Les Ukrainiens ont reçu les lance-roquettes multiples Himars fournis par les USA, qui doivent renforcer la puissance de feu de leur armée au Donbass.

 

La manoeuvre médiatique nucléaire devient récurrente. Statistiquement, elle a une fréquence d’un mois à 5 semaines. Comme un pistolero qui exhibe son arme pour montrer aux gens qu’il est dangereux, le président russe Vladimir Poutine a annoncé samedi que son pays allait " dans les prochains mois " livrer au Bélarus, d’où des frappes ont été effectuées contre le territoire ukrainien, des missiles capables de transporter des charges nucléaires. Il s’agit d’Iskander-M, a précisé le chef de l’Etat russe au début d’un entretien avec son homologue bélarusse Alexandre Loukachenko à Saint-Pétersbourg.

 

Dans des déclarations qui risquent de tendre davantage encore les rapports entre Moscou et les Occidentaux, les deux dirigeants ont aussi dit vouloir moderniser l’aviation du Bélarus pour la rendre capable de transporter des armes nucléaires.

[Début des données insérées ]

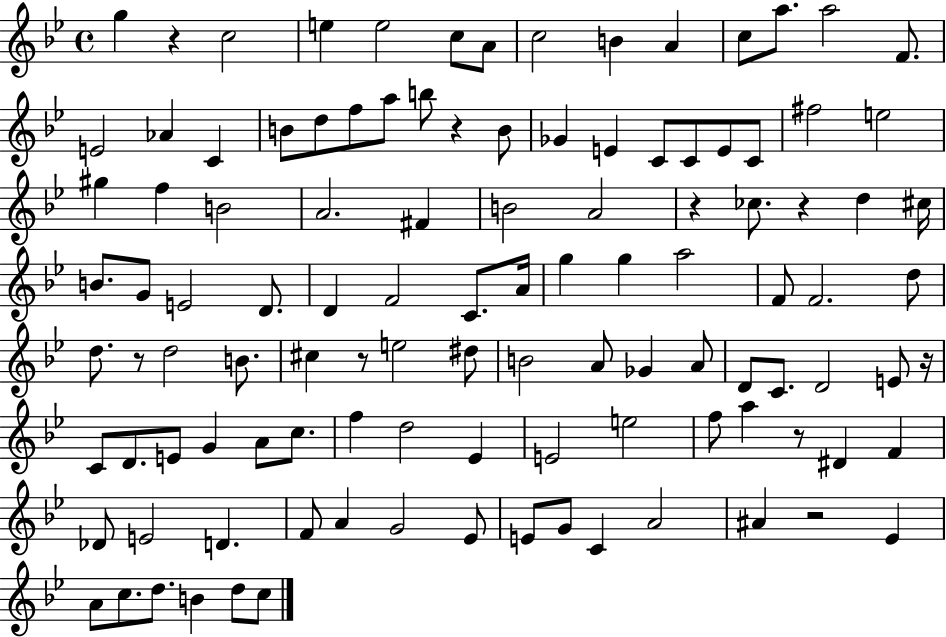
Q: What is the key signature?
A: BES major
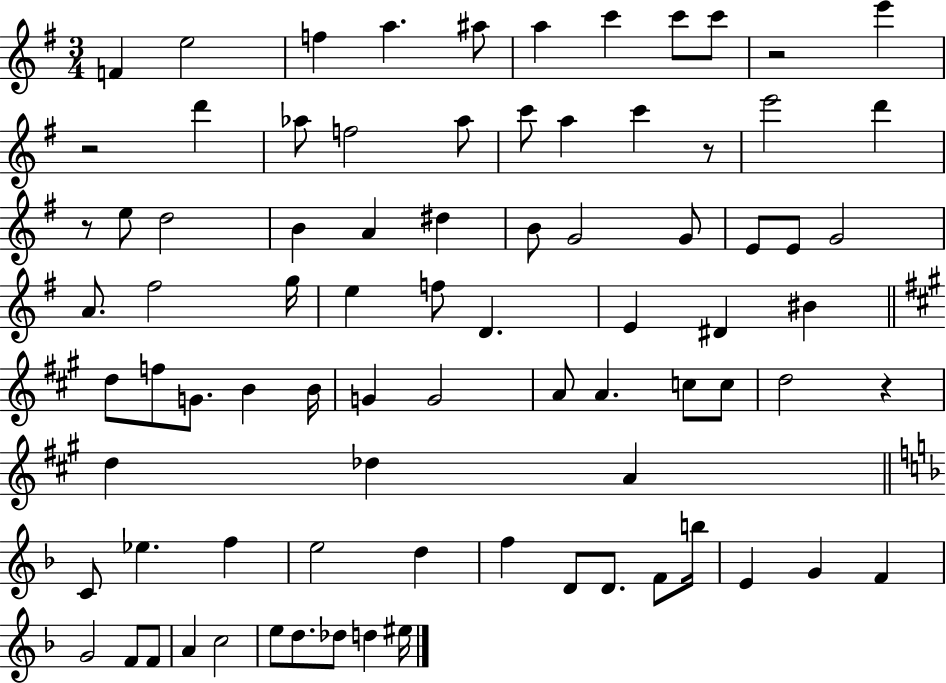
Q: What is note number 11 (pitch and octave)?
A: D6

Kiev avait peu avant accusé la Russie de vouloir " attirer " Minsk " dans la guerre " après le tir, selon l’armée ukrainienne, de 20 missiles à partir du sol bélarusse, ainsi que d’avions, sur un important centre militaire ukrainien, à Desna, dans le nord, samedi. Ce village de la région frontalière de Tcherniguiv, où aucune victime n’a cette fois été signalée, avait déjà été la cible, le 17 mai, de bombardements qui avaient alors fait 87 morts, d’après les Ukrainiens.

De premières attaques en provenance du territoire bélarusse avaient par ailleurs eu lieu au tout début de l’invasion de l’Ukraine, déclenchée le 24 février.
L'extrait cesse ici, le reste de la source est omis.